McLaren applies the same principle to dismiss the notion that the items he is disputing could have been made in his absence by Westwood or others working at the shop.
“If Vivienne and I together conceived the idea, supervised its execution and approved it between 1971 when Let It Rock opened and 1980 when Seditionaries closed, then that item is authentic,” he says. “As the person involved in ‘supervising and executing’, these clothes never passed my hands. They never appeared in the shop for sale and, for that reason, I can only say they are fake.”
//Cire SEX t-shirts (£600-£800)//
McLaren asserts that even when he lived in Paris during this period, not one design was produced without his knowledge. “I was there merely a few months in 1979 and constantly returned to London to see Vivienne and discuss the shop,” he adds.

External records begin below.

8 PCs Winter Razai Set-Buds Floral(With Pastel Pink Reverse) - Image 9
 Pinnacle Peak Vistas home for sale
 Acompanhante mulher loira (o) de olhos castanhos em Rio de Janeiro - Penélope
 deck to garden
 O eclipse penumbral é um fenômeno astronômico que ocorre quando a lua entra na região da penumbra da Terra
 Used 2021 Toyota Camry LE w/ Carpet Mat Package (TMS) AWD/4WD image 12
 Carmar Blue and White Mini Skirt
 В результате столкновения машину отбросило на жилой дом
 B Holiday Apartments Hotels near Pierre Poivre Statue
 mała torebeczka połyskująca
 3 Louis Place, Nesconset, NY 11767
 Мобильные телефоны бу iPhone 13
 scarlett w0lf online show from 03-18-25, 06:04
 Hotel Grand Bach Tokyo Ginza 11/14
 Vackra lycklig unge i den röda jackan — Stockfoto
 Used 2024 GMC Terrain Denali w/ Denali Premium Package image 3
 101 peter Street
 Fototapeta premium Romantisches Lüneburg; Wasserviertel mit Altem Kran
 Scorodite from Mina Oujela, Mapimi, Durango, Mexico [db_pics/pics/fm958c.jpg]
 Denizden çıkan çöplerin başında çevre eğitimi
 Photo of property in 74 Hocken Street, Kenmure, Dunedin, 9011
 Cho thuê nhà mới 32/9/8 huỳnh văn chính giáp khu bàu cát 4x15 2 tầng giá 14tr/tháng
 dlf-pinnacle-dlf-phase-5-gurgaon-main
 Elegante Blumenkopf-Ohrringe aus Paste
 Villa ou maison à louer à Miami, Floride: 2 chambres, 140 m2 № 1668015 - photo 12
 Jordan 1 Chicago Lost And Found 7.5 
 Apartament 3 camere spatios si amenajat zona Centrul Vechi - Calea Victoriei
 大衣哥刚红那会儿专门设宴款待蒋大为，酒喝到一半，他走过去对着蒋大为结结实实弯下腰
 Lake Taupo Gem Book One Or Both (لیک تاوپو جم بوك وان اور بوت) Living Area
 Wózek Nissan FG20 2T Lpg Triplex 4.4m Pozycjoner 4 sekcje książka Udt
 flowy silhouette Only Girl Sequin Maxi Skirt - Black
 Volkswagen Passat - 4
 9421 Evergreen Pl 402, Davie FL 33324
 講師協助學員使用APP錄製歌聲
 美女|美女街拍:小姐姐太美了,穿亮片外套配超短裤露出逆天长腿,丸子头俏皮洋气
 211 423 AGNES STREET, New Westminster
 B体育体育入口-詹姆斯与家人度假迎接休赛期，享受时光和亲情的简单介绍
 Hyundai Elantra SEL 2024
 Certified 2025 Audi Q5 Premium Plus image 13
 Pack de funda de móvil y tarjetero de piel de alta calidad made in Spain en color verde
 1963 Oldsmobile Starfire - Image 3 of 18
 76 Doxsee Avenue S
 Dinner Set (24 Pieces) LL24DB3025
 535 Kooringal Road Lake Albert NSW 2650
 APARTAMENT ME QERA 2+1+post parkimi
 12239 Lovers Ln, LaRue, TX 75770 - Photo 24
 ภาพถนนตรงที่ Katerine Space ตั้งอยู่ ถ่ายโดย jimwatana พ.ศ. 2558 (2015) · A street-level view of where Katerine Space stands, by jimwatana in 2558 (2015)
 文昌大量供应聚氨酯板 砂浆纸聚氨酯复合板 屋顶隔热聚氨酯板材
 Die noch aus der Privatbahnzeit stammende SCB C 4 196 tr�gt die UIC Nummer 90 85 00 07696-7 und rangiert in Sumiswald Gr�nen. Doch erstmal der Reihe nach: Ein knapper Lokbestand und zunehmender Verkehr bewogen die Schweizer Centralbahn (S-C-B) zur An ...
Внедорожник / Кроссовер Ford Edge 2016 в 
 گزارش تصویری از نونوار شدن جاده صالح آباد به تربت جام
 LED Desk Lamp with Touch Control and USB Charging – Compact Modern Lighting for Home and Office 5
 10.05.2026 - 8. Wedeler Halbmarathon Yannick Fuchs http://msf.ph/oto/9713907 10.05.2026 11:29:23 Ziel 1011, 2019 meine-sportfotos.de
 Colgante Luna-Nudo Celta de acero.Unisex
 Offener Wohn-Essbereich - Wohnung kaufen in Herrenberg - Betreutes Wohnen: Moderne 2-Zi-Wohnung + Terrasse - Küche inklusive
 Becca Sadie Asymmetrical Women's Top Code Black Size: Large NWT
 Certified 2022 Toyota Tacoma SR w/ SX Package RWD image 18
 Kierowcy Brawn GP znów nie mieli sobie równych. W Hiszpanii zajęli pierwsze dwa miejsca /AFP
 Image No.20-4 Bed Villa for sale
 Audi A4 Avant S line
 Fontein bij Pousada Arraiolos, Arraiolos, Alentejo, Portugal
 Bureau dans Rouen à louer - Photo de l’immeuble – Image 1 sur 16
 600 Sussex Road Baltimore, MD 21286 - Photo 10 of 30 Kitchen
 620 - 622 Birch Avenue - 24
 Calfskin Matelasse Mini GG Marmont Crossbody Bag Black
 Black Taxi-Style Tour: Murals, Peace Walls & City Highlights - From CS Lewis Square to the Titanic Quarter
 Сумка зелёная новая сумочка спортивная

“We agreed it should be turned into a new store selling a completely new collection of clothes which had nothing to do with punk. Vivienne was studying a book of 18th century patterns by Nora Waugh and developing them into what would become, with my help, the Pirate collection.”
//Two Nostalgia Of Mud toga dresses and a Witches ensemble (all £800-£1,200)//
That “new store” was, of course, World’s End, where McLaren and Westwood collaborated on a series of groundbreaking clothing ranges, key pieces of which are present in the Resurrection sale.
McLaren has not, so far, disputed their authenticity.
However, with Christie’s planning a Punk/Rock auction in NYC on November 24, the row doesn’t look like abating anytime soon; McLaren is already questioning the provenance of clothes included there.
Resurrection: Avant-Garde Fashion is at Christie’s South Kensington on October 30.